MAIN RESULTS: Five trials contributed to this review (254 subjects, 133 receiving HBOT and 120 control). Pooled data from two trials involving 114 patients (45% of the total) suggested there was a trend towards, but no significant increase in, the chance of a 50% increase in hearing threshold on Pure Tone Average (PTA) over four frequencies when HBOT was used (relative risk (RR) for good outcome with HBOT 1.53, 95% confidence interval (CI) 0.85 to 2.78, P = 0.16). The chance of achieving a 25% increase with HBOT was, however, statistically significant (RR 1.39, 95% CI 1.05 to 1.84, P = 0.02). Fifty-six per cent of the control subjects achieved this outcome versus 78% of the HBOT subjects, with the number-needed-to-treat (NNT) to achieve one extra good outcome being 5 (95% CI 3 to 20). A single trial involving 50 subjects (20% of the total) also suggested a significant improvement in the mean PTA threshold expressed as a percentage of baseline (61% improvement with HBOT, 24% with control, WMD 37%, 95% CI 22% to 53%). The effect of HBOT in tinnitus could not be assessed due to poor reporting. There were no significant improvements in hearing or tinnitus reported in the single study to examine the effect of HBOT on a chronic presentation (six months) of ISSHL and/or tinnitus.
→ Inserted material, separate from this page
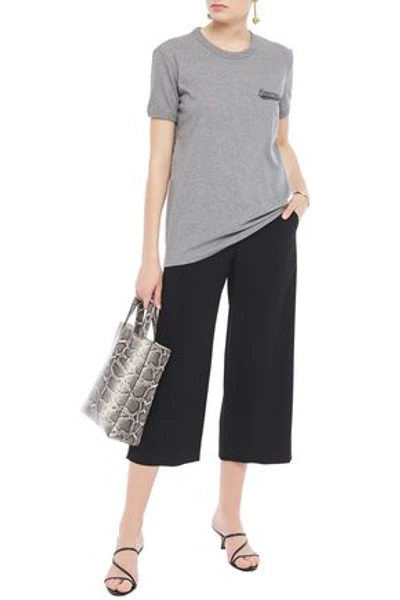 Shop Dolce & Gabbana Appliquéd Cotton-jersey T-shirt In Gray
AUTHORS' CONCLUSIONS: For people with early presentation of ISSHL, the application of HBOT significantly improved hearing loss, but the clinical significance of the level of improvement is not clear. We could not assess the effect of HBOT on tinnitus by pooled analysis. The routine application of HBOT to these patients cannot be justified from this review. In view of the modest number of patients, methodological shortcomings and poor reporting, this result should be interpreted cautiously, and an appropriately powered trial of high methodological rigour is justified to define those patients (if any) who can be expected to derive most benefit from HBOT. There is no evidence of a beneficial effect of HBOT on chronic presentation of ISSHL and/or tinnitus.